閉店したからといって、すぐにさよならするのは嫌だった
「祖父母と一緒に育ったこともあって、おじいちゃんやおばあちゃんが大好きなんです。村上団地のお店のお客さんにも娘や孫のようにかわいがってもらいましたし、ときには私も一緒に席に座っていろんな話をしました。いつの間にかそれが、だんだん見守り活動のようにもなっていって」
村上団地内の商店街の一角に、コミュニティレストランがオープンしたのは、2014年のこと。当時竹本さんが勤めていた食品メーカーの新規事業としてスタートし、地域に住む高齢者のために栄養バランスのとれたメニューを提供するほか、テイクアウトや宅配なども行っていた。

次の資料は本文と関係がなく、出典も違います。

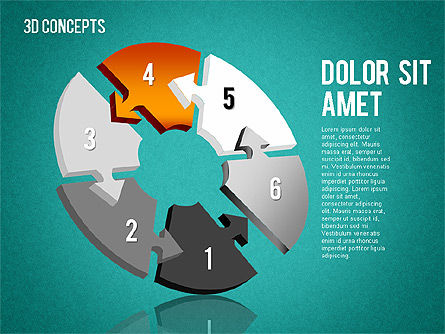3D-Konzept Formen und Diagramme, Folie 12, 01583, Schablonen — PoweredTemplate.com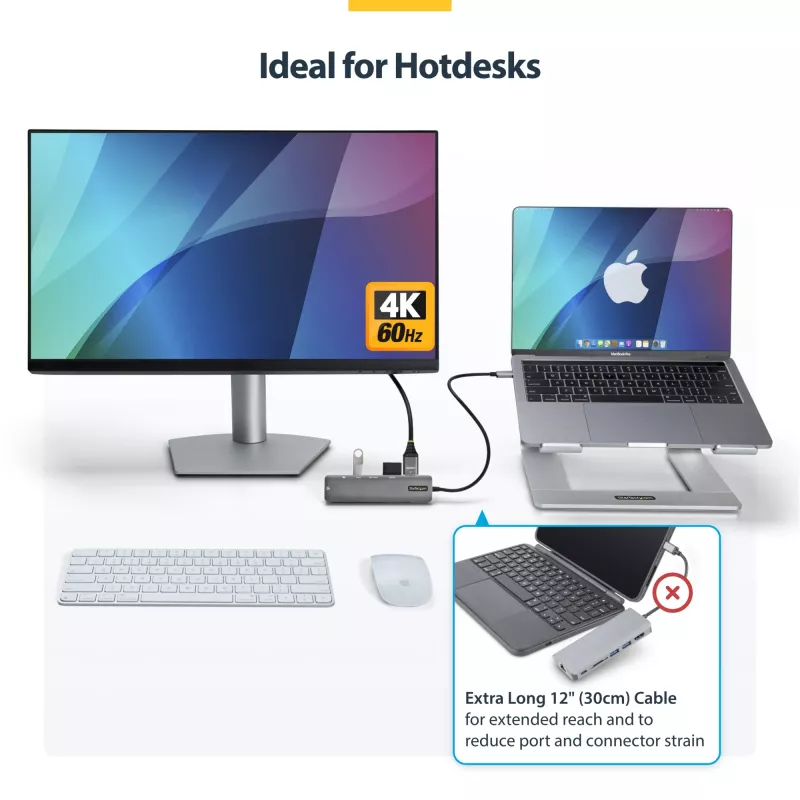 StarTech.com USB-C daugiafunkcis adapterių šakotuvas, USB-C į 4K 60Hz HDMI, Gigabit Ethernet ir 100W nešiojamojo kompiuterio įkrovimas, skirtas Macbook Pro / Air ir Windows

残念ながら2019年に閉店してしまったが、八千代とのつながりをなくしたくなかった竹本さんは、「何かできることはないか」と市の社会福祉協議会に連絡。米本団地にオープンしたコミュニティスペース「ほっこり」で、お年寄りのための栄養相談を始めることになった。

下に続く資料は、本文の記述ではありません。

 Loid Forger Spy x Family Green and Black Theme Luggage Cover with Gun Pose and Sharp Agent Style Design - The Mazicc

「閉店が決まったとき、常連さんたちから『私たちはこれから、どこへ行けばいいの?』と言われてしまって……。悲しかったけれど、それだけ近い関係になれたというのが素直にうれしくて。せっかくご縁があってよくしてもらったのに、お店が閉店したからといって、すぐにさよならするのは嫌だったんです」
それからは、会社に勤めながら週に1回、米本団地に通う日々。村上団地でのプロジェクトも一段落して、やりたいことが見えなくなって悩んでいた時期に、NEIGHBOR FOOD PLACEの運営を行う宮本亜佳音さんから、「店長をやってみない?」と声をかけられたそう。

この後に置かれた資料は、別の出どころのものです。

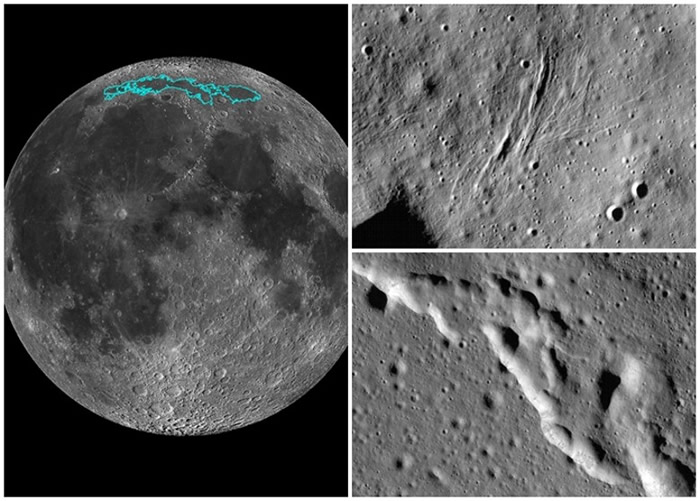 研究人员指“冷海”（左图蓝色部分）地壳上的瓣状陡坡（右上下图），反映月球在不断“缩水”。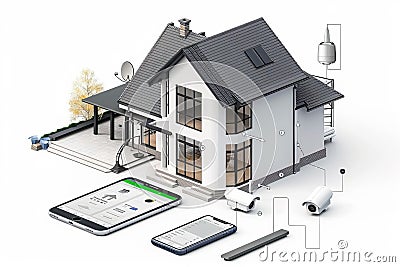 Security concepts implemented by a creative, watchful crew focus on hidden cameras, automated alert systems, and monitored prevent Cartoon Illustration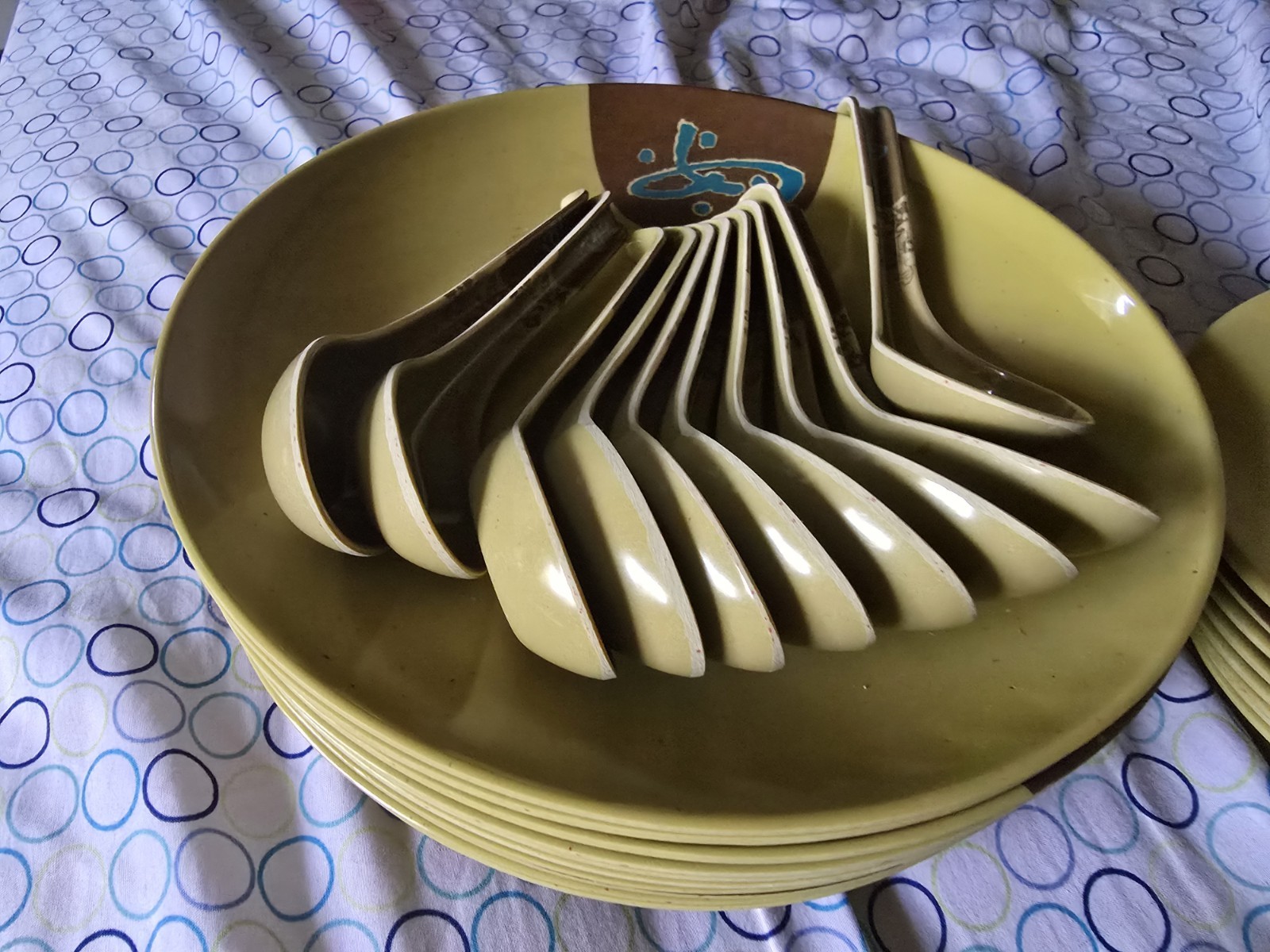 Beige Brown Blue Abstract Glossy Stoneware Dinner Set, Round Plates & Bowls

「人と接するのは好きだし、料理も好き。でも、またお店を閉めることになったら地域の人たちを悲しませてしまうと思って、すぐに『はい』とは答えられませんでした。でも、亜佳音さんの想いや、地元の野菜を地域の人に届ける活動がすてきだなと感じて、やってみようと決めたんです。米本団地には1年間通っていたので、地域のおじいちゃんやおばあちゃんとも顔見知りだし、以前と同じように働けるなんて本当に恵まれている。今では『こんなにうまい話があるんだ』と驚いています(笑)」
NEIGHBOR FOOD PLACEは、団地の中の大きなリビング
周辺には飲食店が少なく、団地内には休憩できる場所もないことから、オープン前から注目を集めていたNEIGHBOR FOOD PLACE。かつて竹本さんが関わっていたお店と比べても席数は多く、かかるプレッシャーも大きいという。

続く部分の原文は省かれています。